The records below are to be copied word for word, with every picture left out.

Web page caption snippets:
○ ○ ○ ○ ○ ○ ○

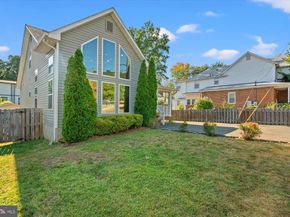 2046 S Shirlington Road, Arlington VA 22204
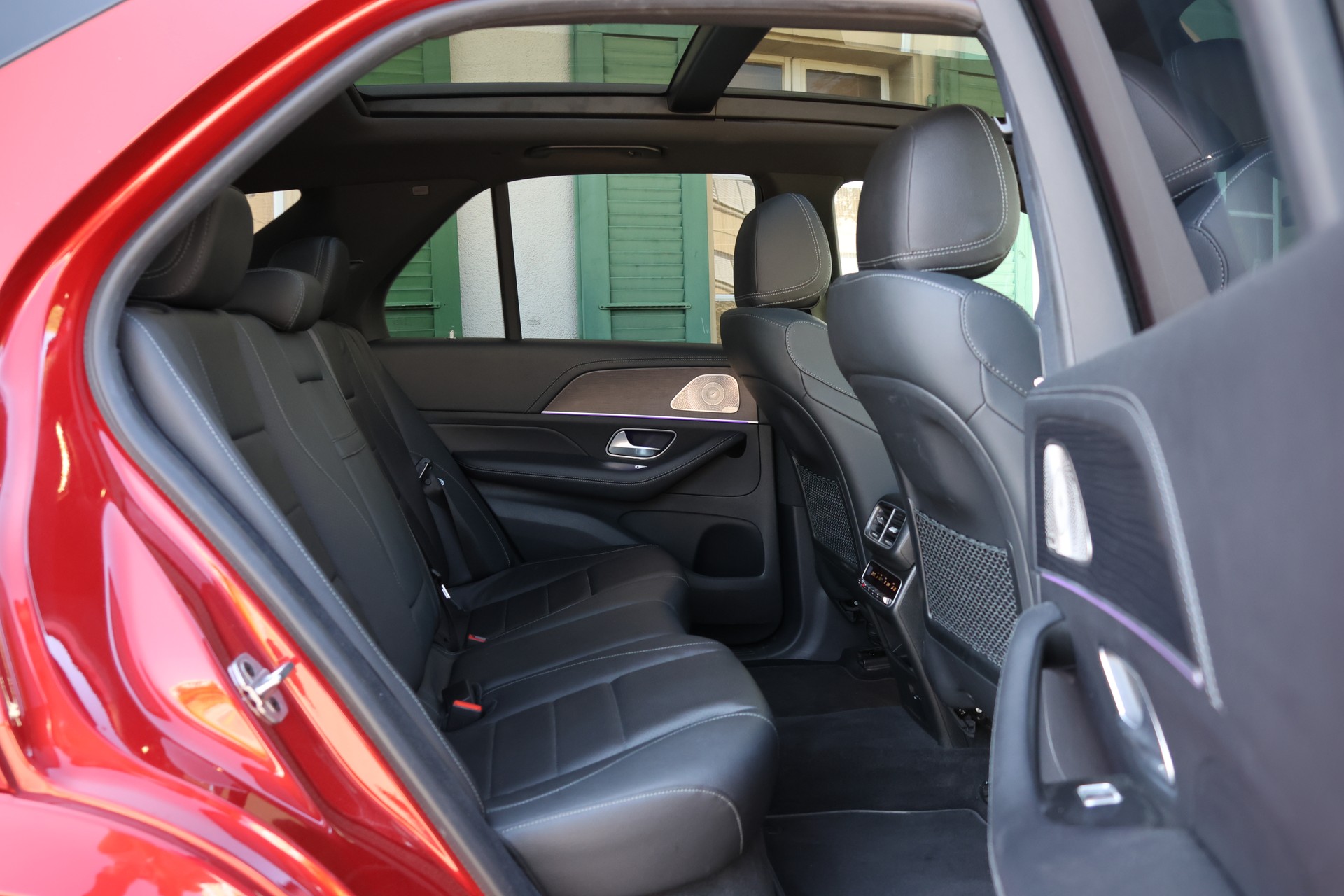 MERCEDES-BENZ GLE 350 de 4Matic AMG Line 9G-Tronic-image-10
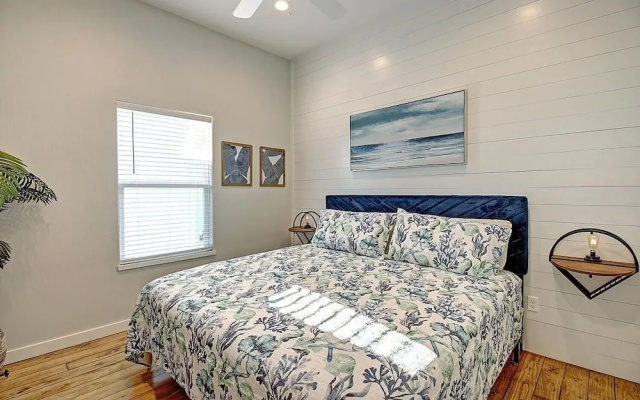 Brock's 2 Bedroom Bungalow by Redawning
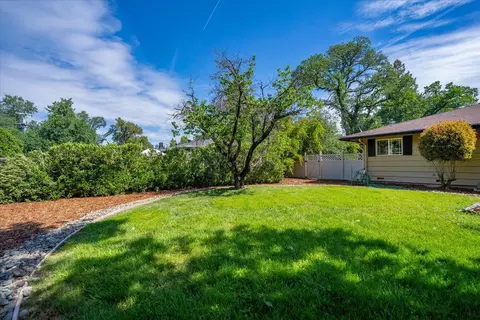 Exterior - 7038 Riata Dr, Redding, CA 96002 photo 6 of 13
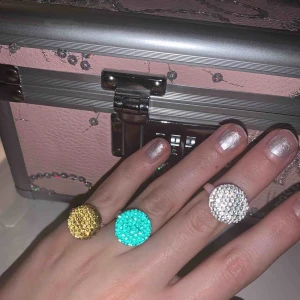  - Ringar, de går att skystera storlek, 10/5 kr styck 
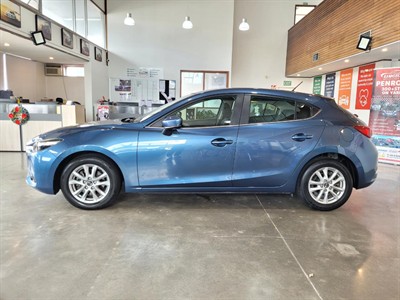 2017 Mazda 3 - Thumbnail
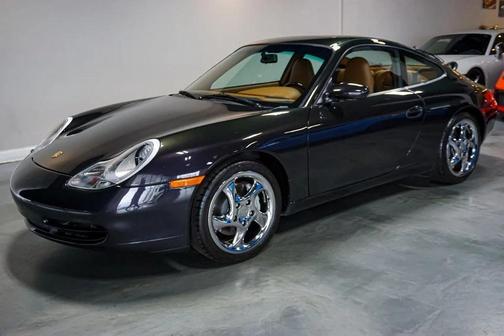 2000 Porsche 911 Carrera 4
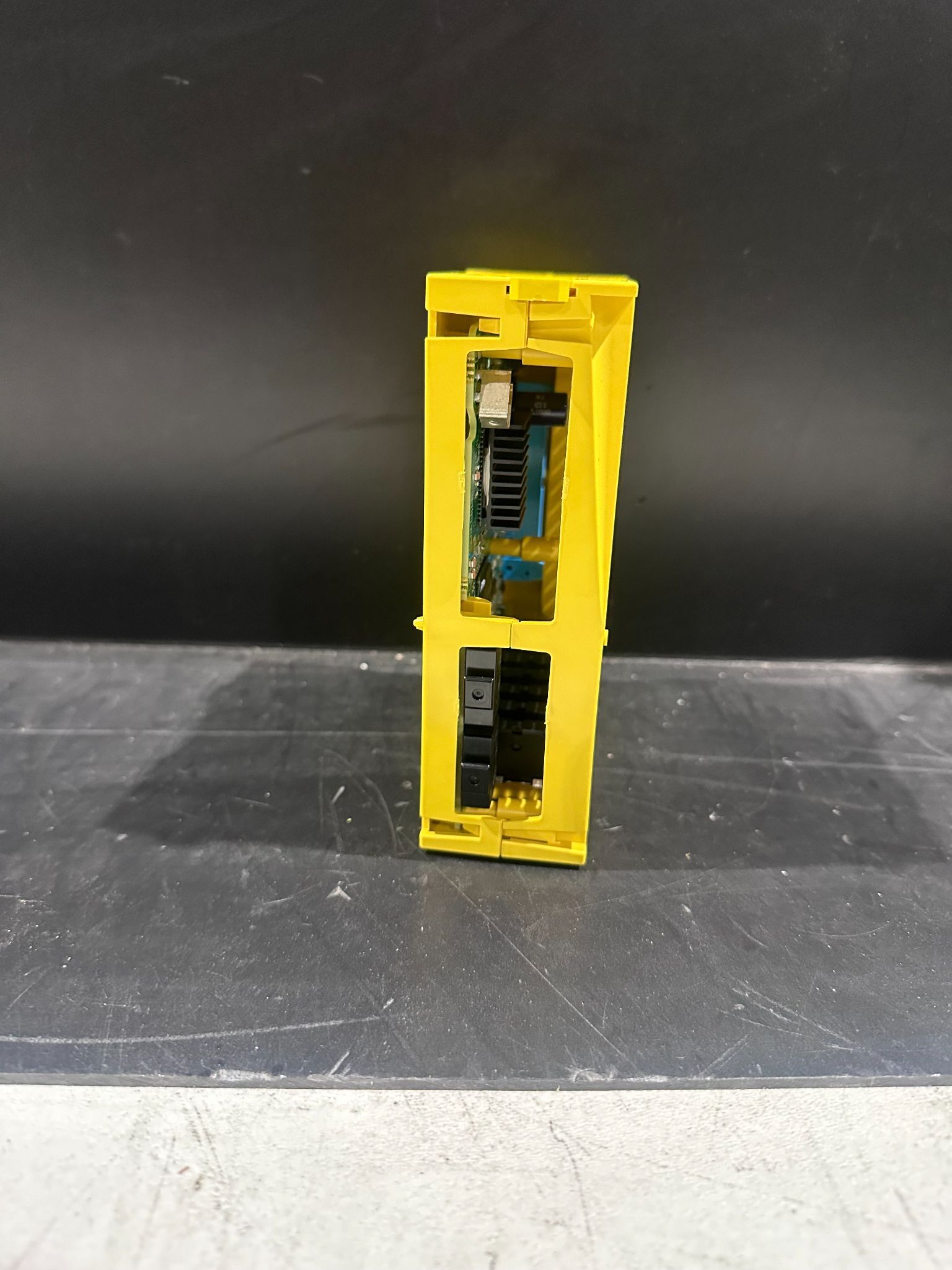 FANUC A02B-0323-C205 PLCs/MACHINE CONTROL NEW 1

○ ○ ○ ○ ○ ○ ○

» **Result of the task**
 2046 S Shirlington Road, Arlington VA 22204
 MERCEDES-BENZ GLE 350 de 4Matic AMG Line 9G-Tronic-image-10
 Brock's 2 Bedroom Bungalow by Redawning
 Exterior - 7038 Riata Dr, Redding, CA 96002 photo 6 of 13
  - Ringar, de går att skystera storlek, 10/5 kr styck 
 2017 Mazda 3 - Thumbnail
 2000 Porsche 911 Carrera 4
 FANUC A02B-0323-C205 PLCs/MACHINE CONTROL NEW 1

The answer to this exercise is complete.